Bakassi returnees in Cross River State and Akwa Ibom State, under the aegis of Amalgamated Bakassi Returnees Association (ABRA), have condemned the subjugation of their interest under the inordinate pursuit of 76 oil wells.
The returnees, led by Mr. Asuquo Ating, described the situation as sacrificing their welfare at the altar of economic concerns and said government should be more concerned about their welfare, resettlement and rehabilitation.
They maintained that before 2005, the 76 oil wells were not in Cross River State but in Akwa Ibom State. “This was the position even when Bakassi was part of Nigeria, and yet Cross River State still survived without those oil wells,” Ating noted, arguing that in the frantic fight for the oil wells, the returnees from the two states of Cross River and Akwa Ibom had been completely forgotten and neglected.
“This fight for the 76 oil wells in the media on a matter which is before the Supreme Court, is diversionary and cheap politics,” Ating lamented.
In a related development, the Forum of Elected Local Governments Chairmen in Akwa Ibom State have debunked the insinuations by local government chairmen in Cross River State that Nigeria would lose territories to neighbouring countries if the impending judgment on the 76 oil wells did not favour Cross River State.
Briefing reporters in Uyo, Mr Nse Ntuen, who said he was dumbfounded by his Cross River State counterparts’ claim added that they based their strange and misinformed conclusions on “rumours in the streets, small talks at joints, corners and sit-outs point to the fact that the Supreme Court is bent on overruling itself.”
He said that the Cross River council chairmen by this report admitted that they were rumour-mongers and reduced the issue of justice to “talks at joint and sit-outs” instead of courts of law.
He accused the Cross River State council chairmen of a deliberate attempt at public deception, maintaining that the claim that Nigeria would lose more territories to Cameroun, Sao Tome and Principe and Equatorial Guinea if the judgment did not favour Cross River State was false, strange and deceptive.
While questioning the source of the alleged security threats, Ntuen noted that the Cameroun-Nigeria Mixed Commission, which implemented the ICJ judgment, had international experts drawn from different parts of the world and the Nigerian Navy and maritime agencies, adding that if there were such security fears they would have been brought to the fore long before now.
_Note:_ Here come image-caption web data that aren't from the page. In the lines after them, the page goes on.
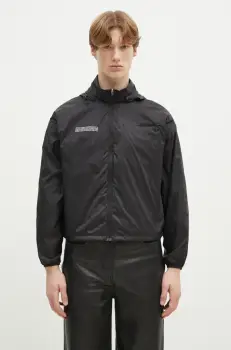 Pangaia geaca culoarea negru, de tranzitie, oversize, 10002127 imagine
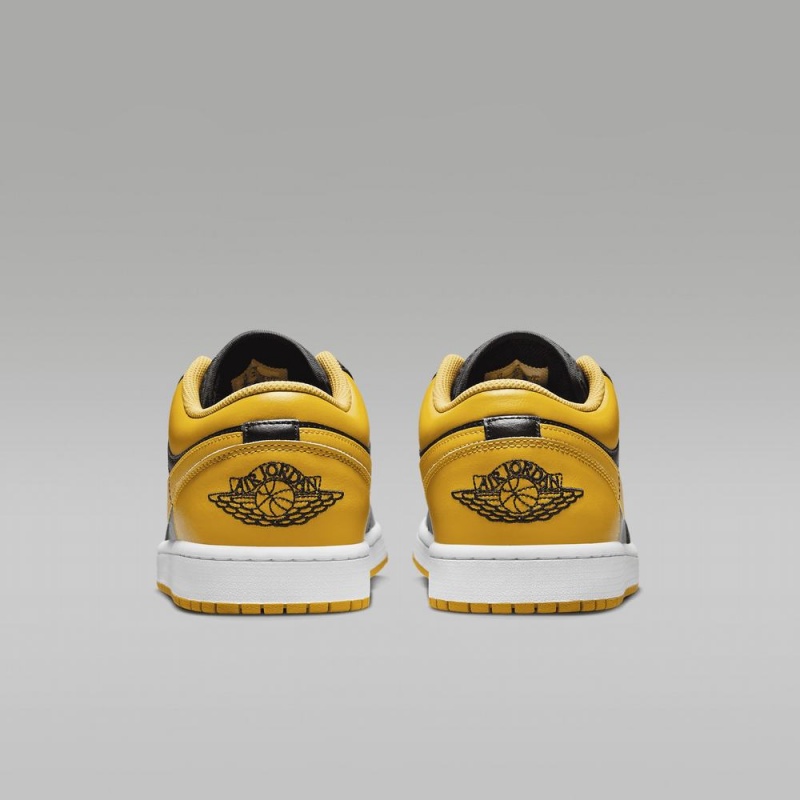 Nike Air Jordan 1 Low Naisten Kengät Mustat Valkoinen Keltainen | 295XBDNRH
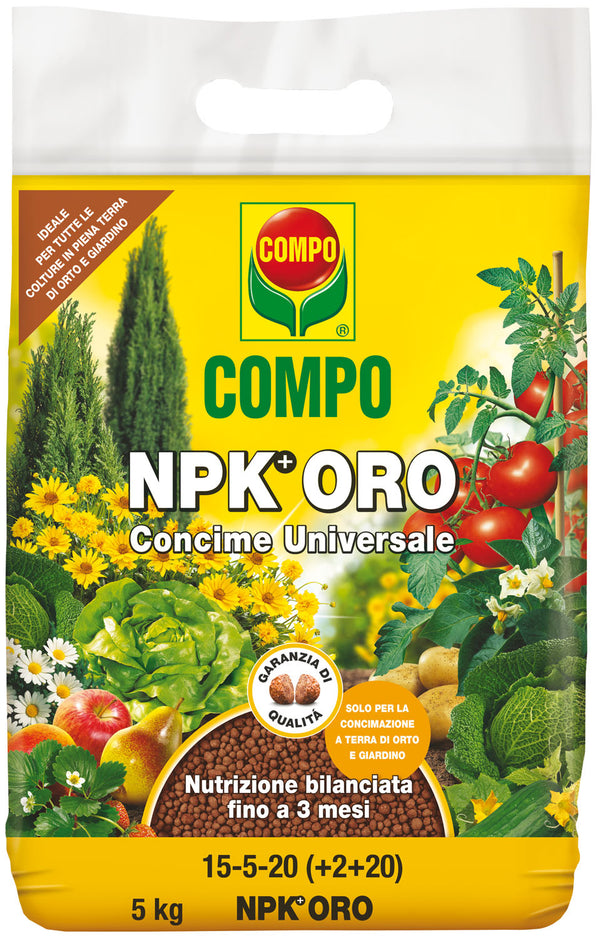 Concime granulato Compo NPK+Oro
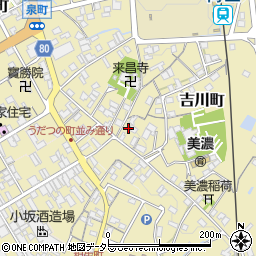 岐阜県美濃市2365周辺の地図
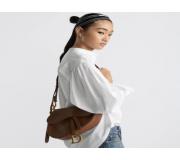 Dior Soft Saddle Calfskin Vintage Camel Leather Handbag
Ntuen accused the Cross River council chairmen of naivety in mistaking baselines for boundary lines, and said that maritime territory definitions are subject to the provisions of the United Nations Convention on the Laws of the Sea and a nation’s statutes, adding that there was no conceivable way the judgment within the Nigerian courts could lead to the Camerounian Navy or any foreign ship violating our maritime boundaries.
It was his contention that the position of the Cross River State local government chairmen on Nigeria losing territories was totally false, misleading and baseless.
Ntuen noted that until 2005, Cross River never claimed or owned any of the 76 oil wells in question until a letter dated January 24, 2005 arbitrarily transferred the said 76 oil wells of Akwa Ibom State to Cross River State on the assumption that Western Bakassi would remain in Cross River State. “In the end, this assumption did not come to be and the purported transfer of these 76 oil wells from Akwa Ibom State to Cross River State could no longer be sustained,” Ntuen said.
He maintained that the Supreme Court had earlier declared this action sub judice having been done during the pendency of the court case instituted by the Cross River State as the plaintiff.
He noted that in a suit number SC.124/199 between Cross River State as plaintiff and Attorney General of the Federation and that of Akwa Ibom State, the Supreme ruled that Cross River State does not have a direct access to the sea and, therefore, lost its littoral status as a result of the International Court of Justice ruling of October 10, 2002 in the maritime boundary matter between Nigeria and Cameroun.
The chairman explained that not having an estuarine territory as the Supreme Court ruled means that Cross River State cannot claim any maritime resource, especially those in Akwa Ibom territory, including oil wells as in this case.
It was Ntuen’s contention that the claim of the Cross River State Forum of Local Government Chairmen that Cross River State is littoral because it has a port is false, maintaining that the Calabar port is not a seaport, but an inland and riverine port within the hinterland of the Cross River, only accessible upstream along the waterway called “Cross River.”